## TASK PROMPT:
Given the records below, the lines starting at the line with "Used 2024 Chevrolet" and ending at the line with "Tro, familie og" should be output exactly, both end lines kept and pictures left out.
--- PROVIDED RECORDS ---
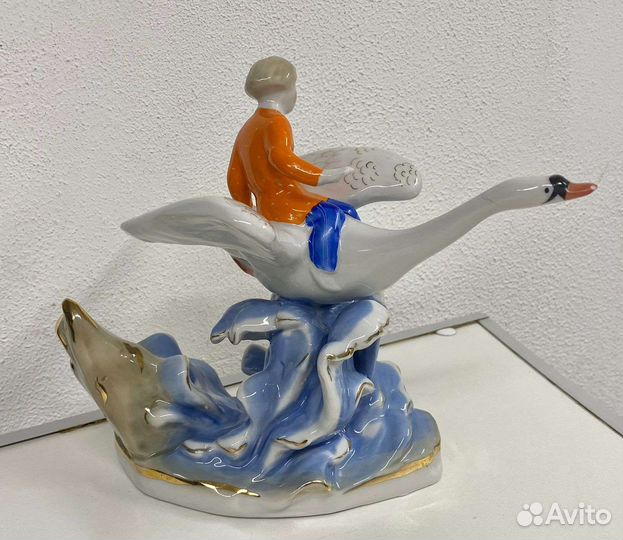 Статуэтка СССР Гуси лебеди Дулево 1965 год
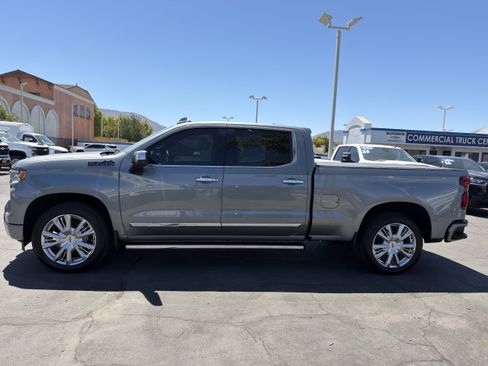 Used 2024 Chevrolet Silverado 1500 High Country w/ High Country Premium Package AWD/4WD image 5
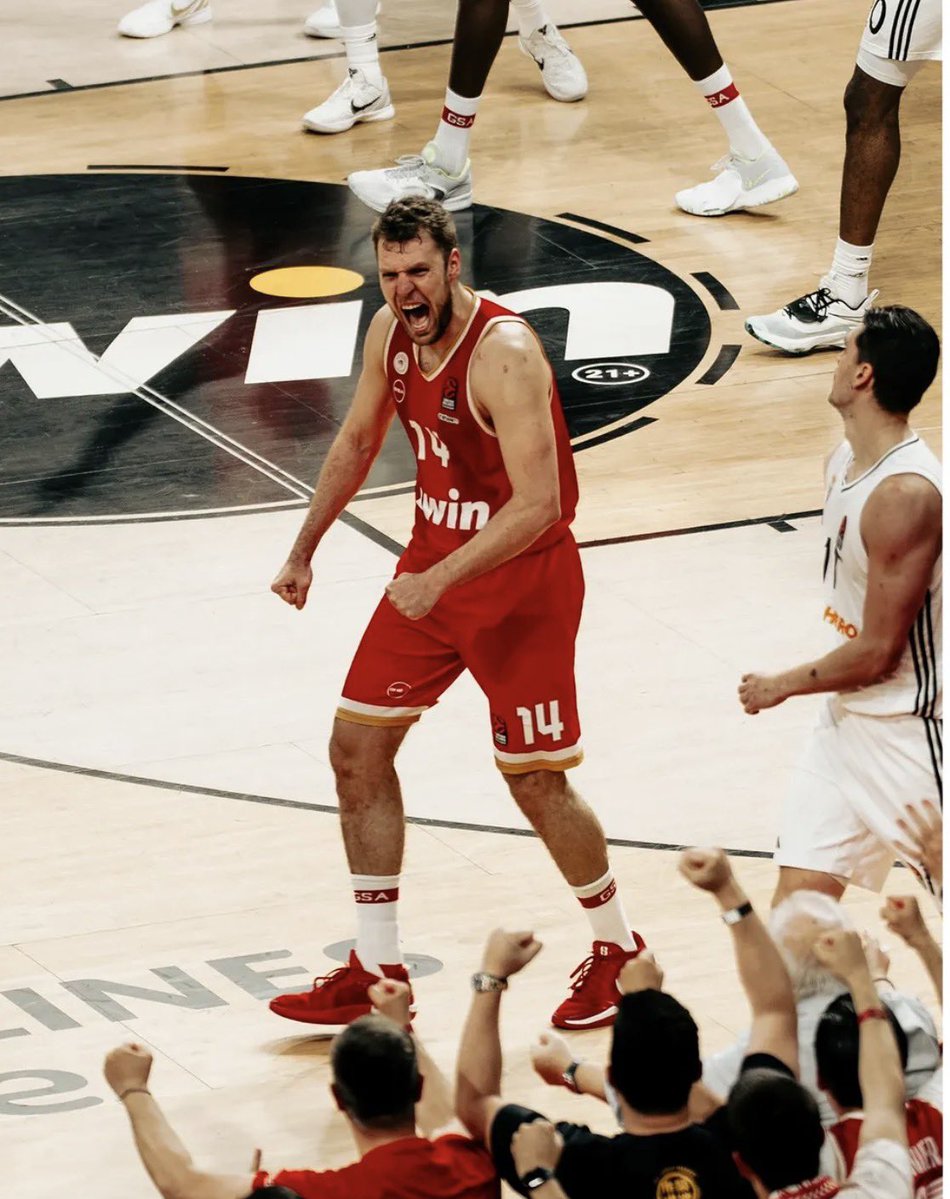 For7Fun's tweet photo. Οι ιστορικοί του μέλλοντος θα γράφουν πως, την εποχή που ο Sasha Vezenkov κυριαρχούσε με τον Ολυμπιακό και διέλυε τα ρεκόρ, οι Παναθηναϊκοί μετρούσαν βολές και τον έλεγαν «Flopenkov». 

The king of Europe.
#OlympiacosBC https://t.co/fqJeADn8MI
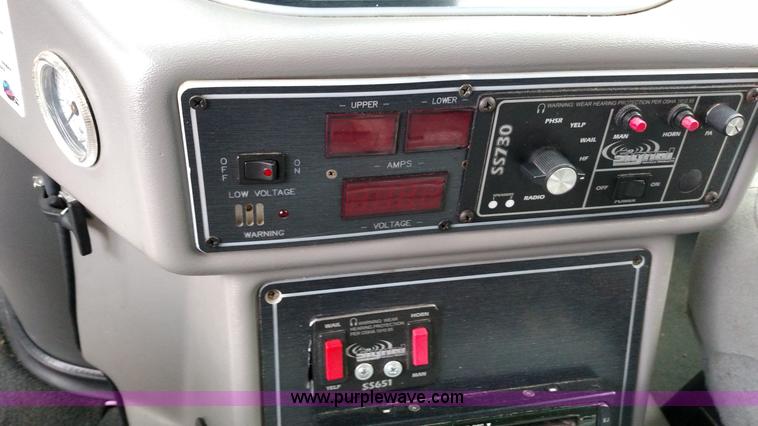 image for item L6020 2006 Ford Econoline E450 ambulance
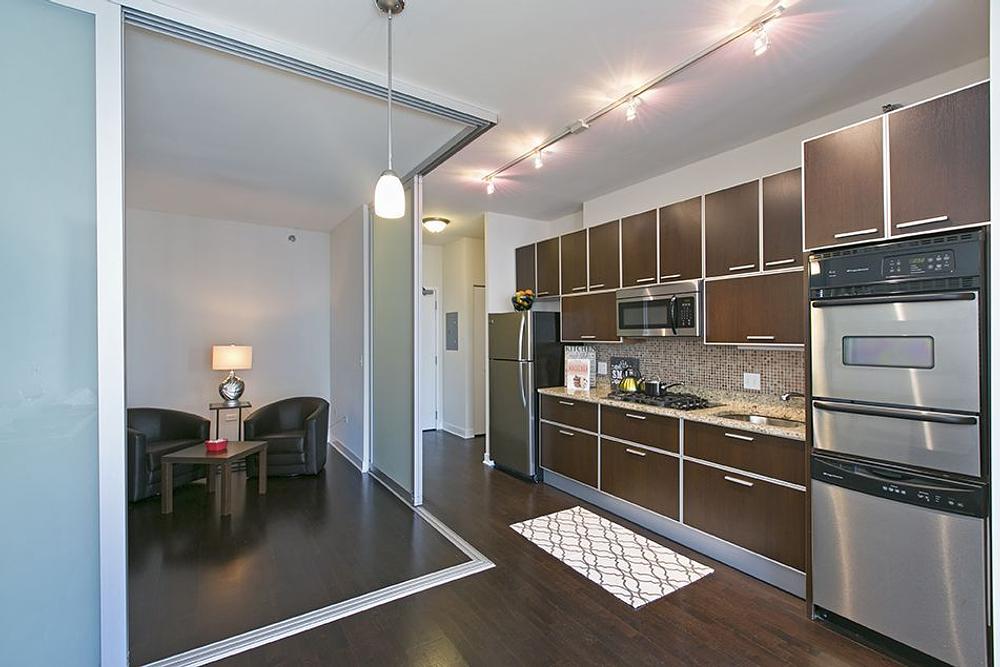 TRIO Apartments 670 W Wayman St, Chicago, IL 60661
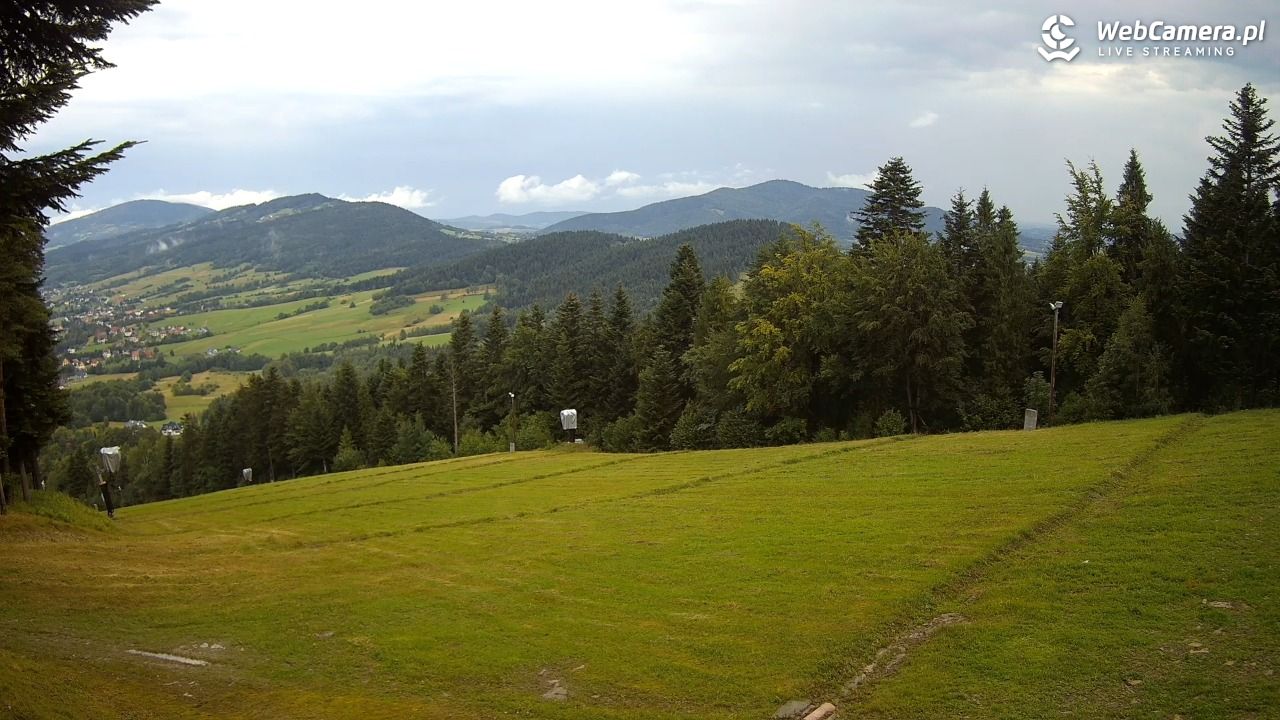Kasina SKI - widok na trasy NOWOŚĆ - 03 sierpień 2025, 09:23
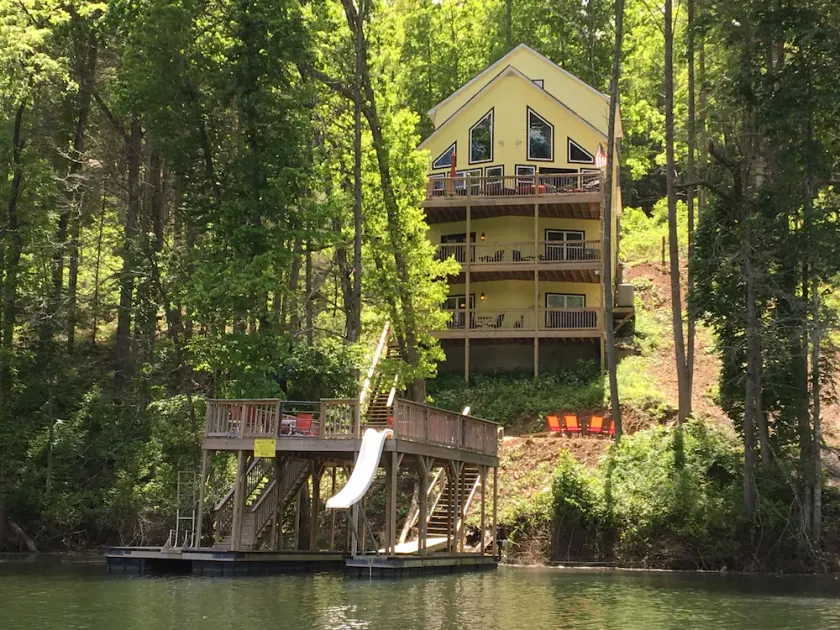 Tro, familie og venner: Et dejligt, fuldt udstyret 9 værelses hjem på Norris Lake. - Image 1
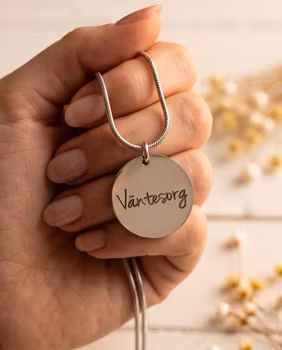 Graverat halsband Väntesorg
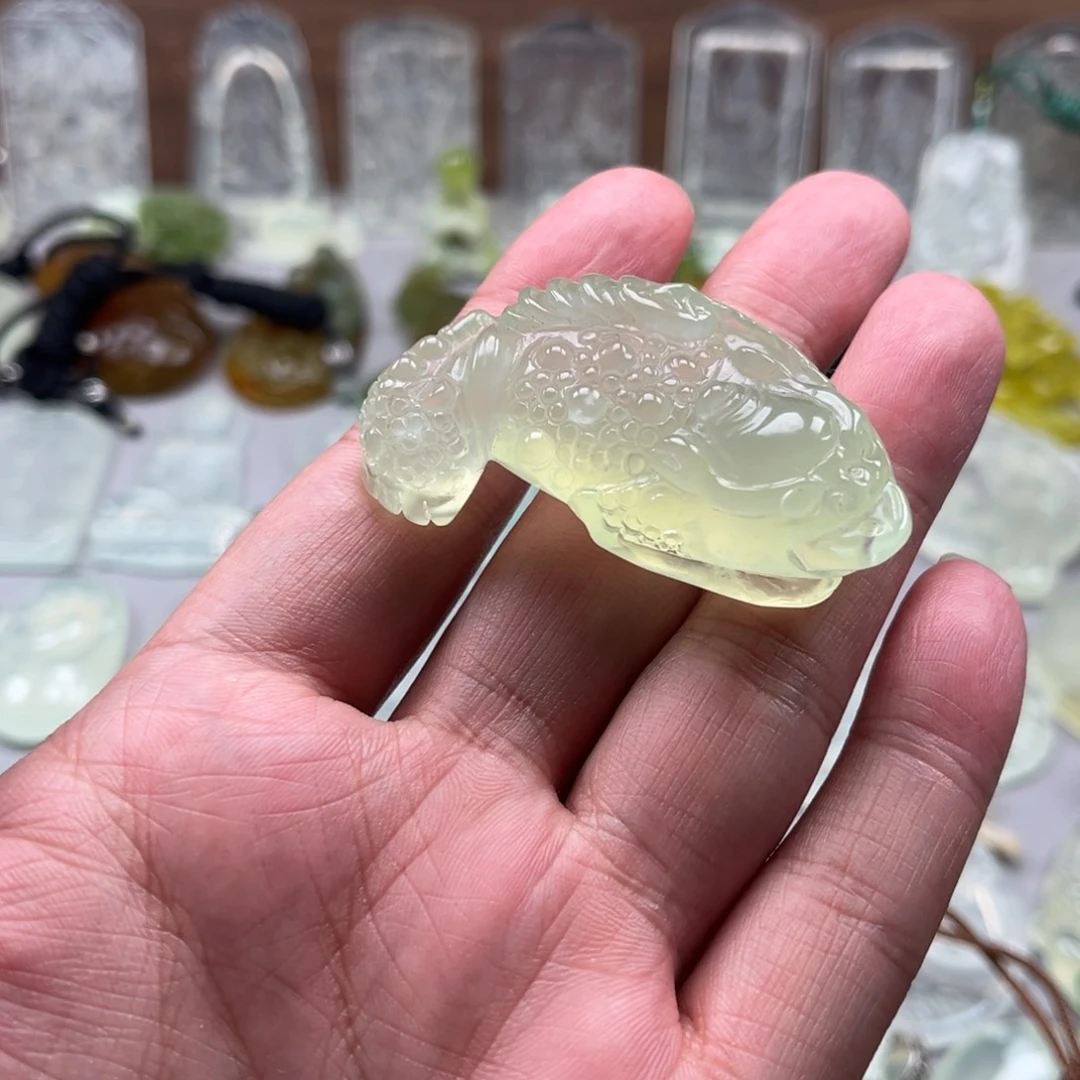蛇纹石玉未镶嵌颈饰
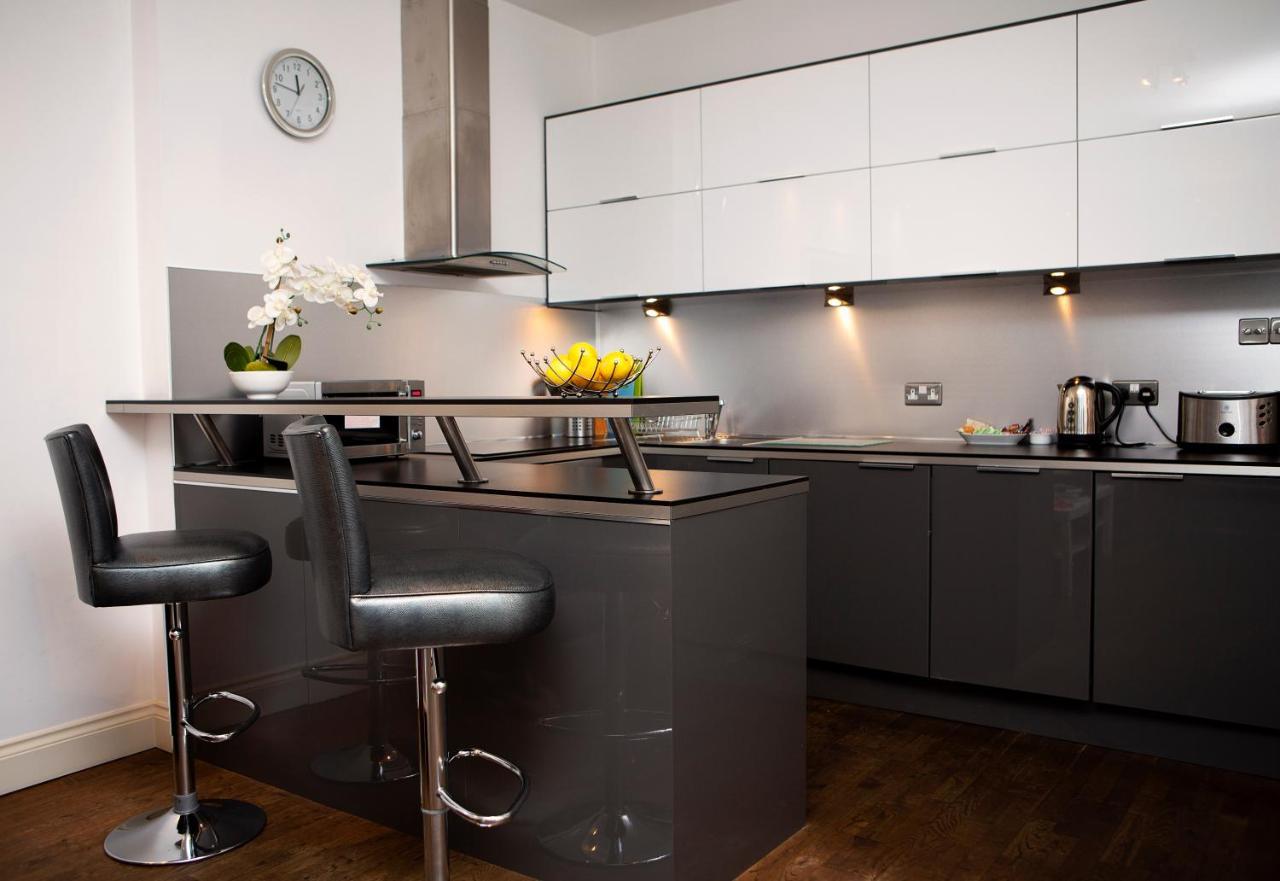 Apt 1, Trafalgar Square 1St Floor By Indigo Flats ロンドン エクステリア 写真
---
## EXPECTED ANSWER:
 Used 2024 Chevrolet Silverado 1500 High Country w/ High Country Premium Package AWD/4WD image 5
 For7Fun's tweet photo. Οι ιστορικοί του μέλλοντος θα γράφουν πως, την εποχή που ο Sasha Vezenkov κυριαρχούσε με τον Ολυμπιακό και διέλυε τα ρεκόρ, οι Παναθηναϊκοί μετρούσαν βολές και τον έλεγαν «Flopenkov». 

The king of Europe.
#OlympiacosBC https://t.co/fqJeADn8MI
 image for item L6020 2006 Ford Econoline E450 ambulance
 TRIO Apartments 670 W Wayman St, Chicago, IL 60661
Kasina SKI - widok na trasy NOWOŚĆ - 03 sierpień 2025, 09:23
 Tro, familie og venner: Et dejligt, fuldt udstyret 9 værelses hjem på Norris Lake. - Image 1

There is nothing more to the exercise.